Population-Based Study of Beta-Hemolytic
Epidemiological, Clinical & Molecular Characteristics
By Sari Rantala
Tampere University Press
Distributed by Coronet Books Inc.
$82.50 Paper original
A Population-based Study of Beta-hemolytic Streptococcal Bacteremia: Epidemiological, clinical and molecular characteristics
Background and aims. The serogroups A (Streptococcus pyogenes, GAS), B (Streptococcus agalactiae, GBS), C and G (GCS and GGS) are generally defined as beta-hemolytic streptococci. Human large colony-forming groups C and G streptococci are now classified as S. dysgalactiae subsp. equisimilis. Beta-hemolytic streptococci cause a variety of infections ranging from mild pharyngitis and skin and soft-tissue infections to severe life-threatening infections such as bacteremia, streptococcal toxic shock syndrome (STSS) and necrotizing fasciitis (NF). The most common presenting clinical manifestations are infections of skin and soft-tissue, respiratory, urinary, intestinal or genital tract. S. pyogenes and S. dysgalactiae subsp. equisimilis share virulence factors. The M protein is a major virulence factor in that it confers resistance to phagocytosis. The classical M-protein serological typing was largely replaced in the late 1990s by sequence-based typing of the emm-gene encoding for the M protein. Based on the variability of the N-terminal end of the emm gene, as many as 150 defined emm types are recognized among S pyogenes isolates, and more than 50 sequence types presently described among S. dysgalactiae subsp. equisimilis isolates, respectively. The first aim of the present study was to determine the predisposing factors, clinical presentations and outcome in beta-hemolytic streptococcal bacteremia in the Pirkanmaa area, Finland. The second aim was to determine emm types of S. dysgalactiae subsp. equisimilis and S. pyogenes bacteremic isolates and the relation of emm types to the severity of bacteremia.

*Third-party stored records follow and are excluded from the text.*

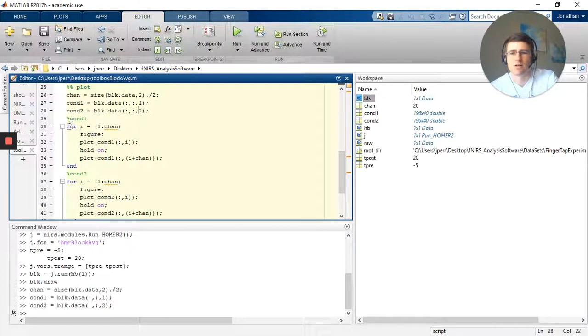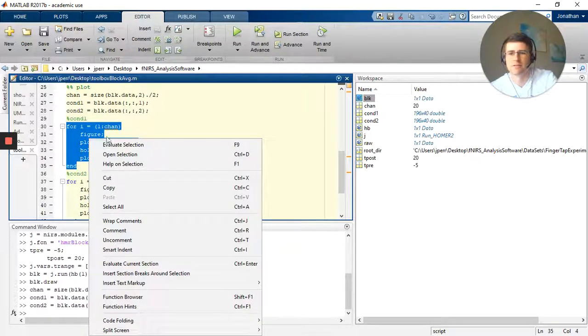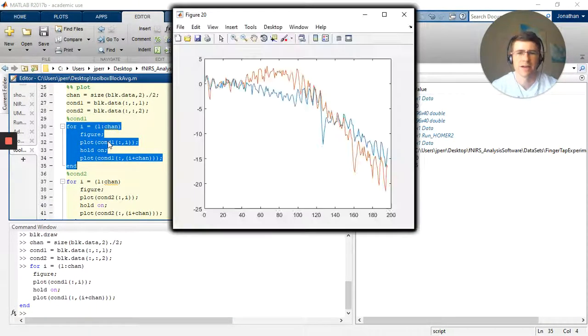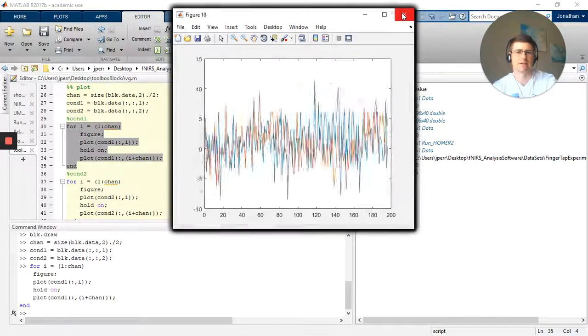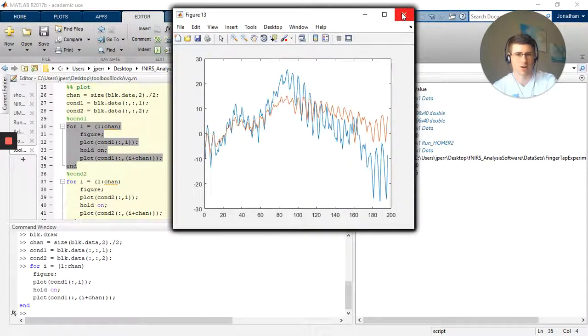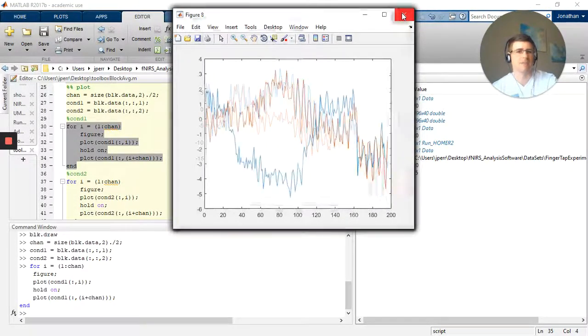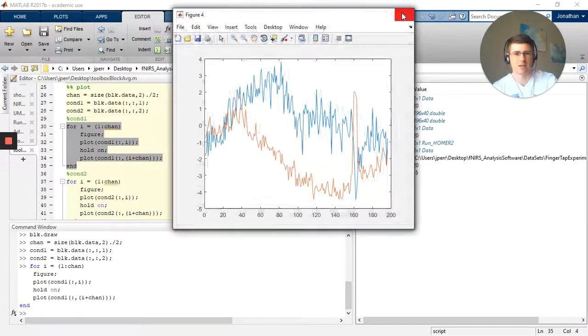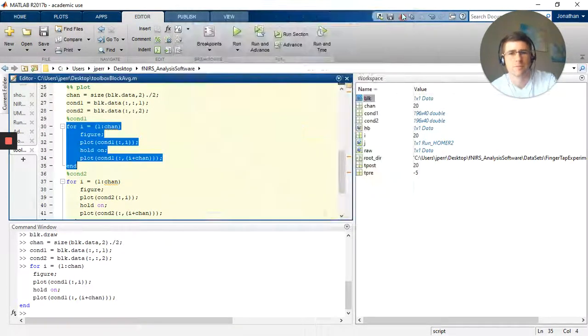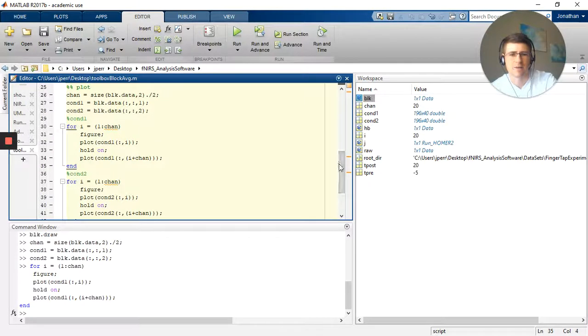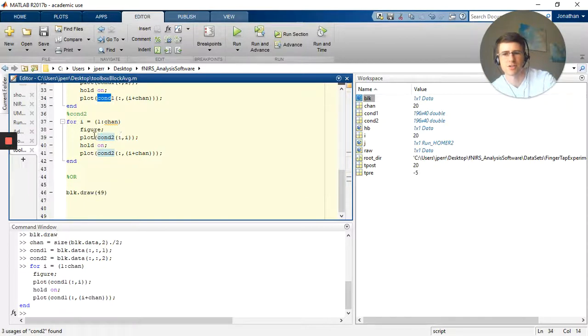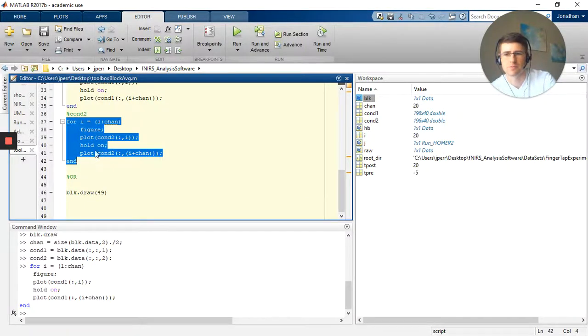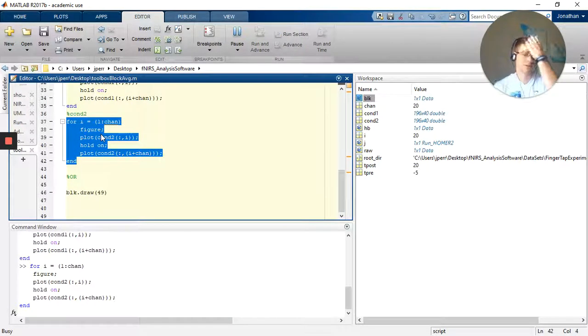So now I want to print out all of the first condition. So I run a for loop through all the channels, and I plot the conditions. Well look at that, there they are. Lovely. They don't really look all that great, but I have my blocks, everything is well and good. So next I want to plot the second condition. So now I just change condition 1, which was up here as condition 1, to condition 2, and I do the same for loop and I plot it. So you can do it this way, it's pretty straightforward.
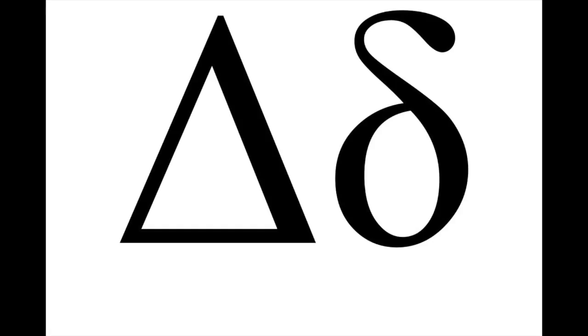Delta. This is almost always pronounced delta in English, but correctly, it is thelta.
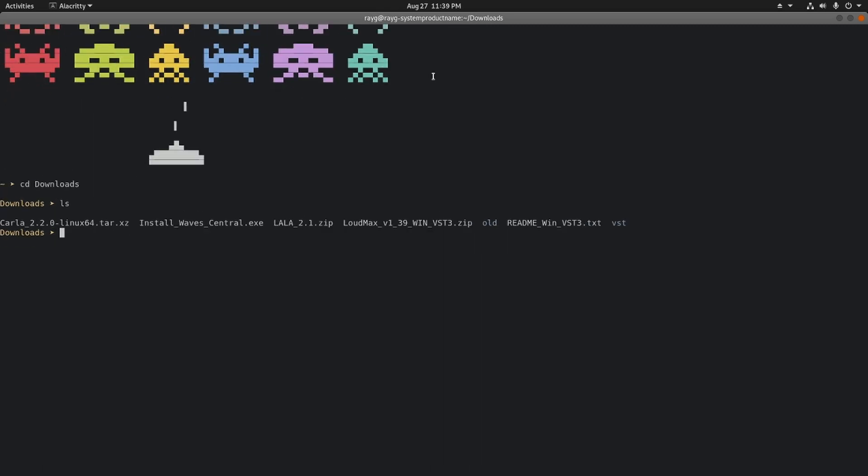Now we're going to install Waves Central. For the most part you could install everything by double clicking, but I want to do everything in terminal. By the way, I'm going to run it as root. I know I shouldn't really do that but I just wanted to give it a try, so I'm using the sudo command.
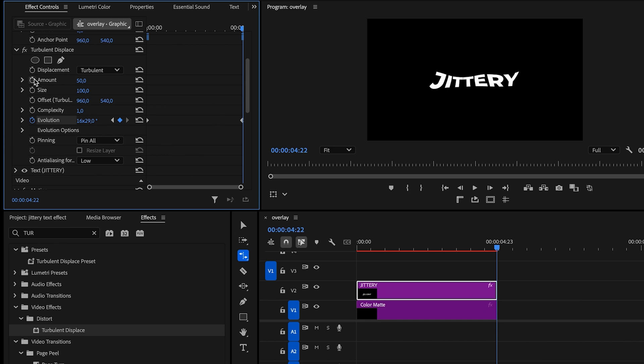Now, adjust the Amount to 10 and Size to 10. And that's it! You've got a cool animated text effect to spice up your videos. See you in the next one!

Methods. This study was based on population-wide surveillance for beta-hemolytic streptococcal bacteremia in adults. The predisposing factors, clinical presentations and outcome in beta-hemolytic streptococcal bacteremia during the 10-year observation period (1995-2004) in Pirkanmaa, Finland, was studied retrospectively. A case was defined as a positive blood culture for group A, B, C or G beta-hemolytic streptococci. The number of patients was 309 and the number of bacteremia episodes was 314. All risk factors associated with severe disease and mortality were analyzed. S. pyogenes and S. dysgalactiae subsp. equisimilis isolates were emm-typed. Non-typable S. dysgalactiae subsp. equisimilis strains and strains isolated from patients with recurrent GGS bacteremia were characterized using pulsed field gel electrophoresis (PFGE). Isolates of S. pyogenes were superantigen profiled.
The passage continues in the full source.